Tesco eyes property potential
Tesco Plc shares leapt to a new high on a newspaper report that it was looking to extract more value from its property assets, but Britain's biggest retailer said yesterday it had no immediate plans. "We are always looking at the different...
Tesco Plc shares leapt to a new high on a newspaper report that it was looking to extract more value from its property assets, but Britain's biggest retailer said yesterday it had no immediate plans.
"We are always looking at the different possibilities and of course we won't rule anything out, but there is nothing major on the cards right now," Tesco spokesman Jonathan Church said.
Tesco shares jumped almost five per cent to a new high of £3.51 in early trade after the Daily Telegraph quoted Finance Director Andrew Higginson as saying the supermarket giant would look at placing its £12 billion freehold property into a real estate investment trust (REIT).
This would allow Tesco to place its property into a separately quoted vehicle and use money raised from selling shares in that entity to buy back its shares, the paper said.
"We're obviously interested (in REITs) in the sense that we're a big property company," the Daily Telegraph quoted Tesco's Higginson as saying. "We've got people looking at whether it's a good idea."
The government set out the terms for REITs in its annual budget last week, with a view to introducing them in January.
It proposed that REITs will be quoted property vehicles which distribute 90 per cent of their income to shareholders in return for not paying any corporate tax. A charge of two per cent of gross assets will be levied on creation of the REIT.
"This should certainly refocus investor attention on the very strong asset backing which Tesco enjoys," Numis Securities analyst Steve Davies wrote in a research note.
Private equity firms have long been attracted to buying retailers to tap the value of their property portfolios and store groups are increasingly looking at ways of extracting value themselves.
Earlier this week, rival supermarket group J Sainsbury Plc sold two mortgage-backed securities worth £2.1 billion.
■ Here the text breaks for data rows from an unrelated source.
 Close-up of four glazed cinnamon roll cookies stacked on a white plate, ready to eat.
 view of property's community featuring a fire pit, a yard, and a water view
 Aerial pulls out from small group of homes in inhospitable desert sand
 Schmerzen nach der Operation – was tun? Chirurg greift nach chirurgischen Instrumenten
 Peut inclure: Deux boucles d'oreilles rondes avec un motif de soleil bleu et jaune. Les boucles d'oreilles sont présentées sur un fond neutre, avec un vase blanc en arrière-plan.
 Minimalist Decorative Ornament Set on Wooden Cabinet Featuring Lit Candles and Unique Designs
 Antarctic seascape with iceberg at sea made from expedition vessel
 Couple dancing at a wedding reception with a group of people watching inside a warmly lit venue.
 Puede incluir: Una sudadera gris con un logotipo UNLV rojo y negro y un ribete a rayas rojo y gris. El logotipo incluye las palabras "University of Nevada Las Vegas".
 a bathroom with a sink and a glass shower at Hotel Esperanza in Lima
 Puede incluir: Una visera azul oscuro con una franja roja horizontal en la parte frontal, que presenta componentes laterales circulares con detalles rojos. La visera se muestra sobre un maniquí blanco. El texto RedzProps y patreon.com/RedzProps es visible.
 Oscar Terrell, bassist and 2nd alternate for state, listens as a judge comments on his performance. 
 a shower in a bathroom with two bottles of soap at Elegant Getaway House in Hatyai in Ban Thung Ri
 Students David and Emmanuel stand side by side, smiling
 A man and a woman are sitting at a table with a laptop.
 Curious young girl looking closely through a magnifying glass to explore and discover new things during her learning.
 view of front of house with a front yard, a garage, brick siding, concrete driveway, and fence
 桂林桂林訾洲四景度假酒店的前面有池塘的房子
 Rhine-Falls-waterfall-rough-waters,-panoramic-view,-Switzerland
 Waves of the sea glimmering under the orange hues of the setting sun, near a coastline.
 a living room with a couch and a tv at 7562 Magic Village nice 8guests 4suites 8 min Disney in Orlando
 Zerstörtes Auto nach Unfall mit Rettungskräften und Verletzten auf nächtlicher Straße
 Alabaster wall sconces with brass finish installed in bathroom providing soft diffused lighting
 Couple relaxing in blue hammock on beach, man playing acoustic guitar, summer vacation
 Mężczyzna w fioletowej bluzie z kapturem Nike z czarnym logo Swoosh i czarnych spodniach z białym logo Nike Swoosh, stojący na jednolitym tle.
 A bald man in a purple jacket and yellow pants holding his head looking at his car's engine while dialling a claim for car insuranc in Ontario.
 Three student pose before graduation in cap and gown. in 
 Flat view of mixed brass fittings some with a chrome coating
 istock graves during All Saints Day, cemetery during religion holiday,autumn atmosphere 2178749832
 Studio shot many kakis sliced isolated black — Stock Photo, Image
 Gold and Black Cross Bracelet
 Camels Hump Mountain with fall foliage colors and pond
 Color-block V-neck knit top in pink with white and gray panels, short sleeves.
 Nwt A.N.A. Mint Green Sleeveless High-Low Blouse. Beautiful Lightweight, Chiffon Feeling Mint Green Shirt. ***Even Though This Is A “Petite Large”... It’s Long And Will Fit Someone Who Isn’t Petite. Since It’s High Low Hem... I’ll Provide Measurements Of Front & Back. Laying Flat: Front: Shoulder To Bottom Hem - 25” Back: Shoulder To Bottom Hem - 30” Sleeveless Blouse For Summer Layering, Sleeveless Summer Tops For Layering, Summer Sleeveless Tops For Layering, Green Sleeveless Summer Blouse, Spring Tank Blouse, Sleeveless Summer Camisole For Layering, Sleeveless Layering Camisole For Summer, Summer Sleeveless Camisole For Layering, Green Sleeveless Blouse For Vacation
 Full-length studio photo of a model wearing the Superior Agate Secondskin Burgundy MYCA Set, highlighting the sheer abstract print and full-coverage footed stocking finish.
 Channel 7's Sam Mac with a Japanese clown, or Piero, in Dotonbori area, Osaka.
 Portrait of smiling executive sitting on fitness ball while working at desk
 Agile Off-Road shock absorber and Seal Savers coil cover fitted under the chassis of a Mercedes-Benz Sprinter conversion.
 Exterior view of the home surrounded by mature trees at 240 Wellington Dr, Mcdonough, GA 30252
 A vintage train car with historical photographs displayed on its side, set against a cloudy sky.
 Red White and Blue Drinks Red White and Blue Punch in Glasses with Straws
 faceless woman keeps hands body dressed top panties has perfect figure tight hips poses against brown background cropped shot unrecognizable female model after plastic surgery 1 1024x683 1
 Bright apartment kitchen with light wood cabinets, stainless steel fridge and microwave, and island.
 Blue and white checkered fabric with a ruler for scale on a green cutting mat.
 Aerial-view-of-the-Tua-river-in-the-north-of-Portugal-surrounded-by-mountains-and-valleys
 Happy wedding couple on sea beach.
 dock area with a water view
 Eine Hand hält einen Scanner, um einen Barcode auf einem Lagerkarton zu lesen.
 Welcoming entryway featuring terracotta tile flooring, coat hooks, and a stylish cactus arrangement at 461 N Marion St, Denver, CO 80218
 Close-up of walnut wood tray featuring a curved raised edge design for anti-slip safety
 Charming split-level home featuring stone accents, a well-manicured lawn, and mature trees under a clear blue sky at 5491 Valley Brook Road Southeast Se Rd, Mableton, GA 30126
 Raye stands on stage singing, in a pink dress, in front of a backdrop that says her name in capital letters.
It used the proceeds to buy back £1.7 billion of outstanding bonds and wipe £350 million off its pension deficit.
"We estimate that Tesco has capacity to comfortably put £9-10 billion of property into a REIT, generating around 6 billion pounds in proceeds for share buy-back and then spin off the REIT directly to existing Tesco shareholders," analysts at Goldman Sachs wrote in a research note.
Tesco would then lease back the property from the REIT at market rates for 20 to 25-year terms, they suggested.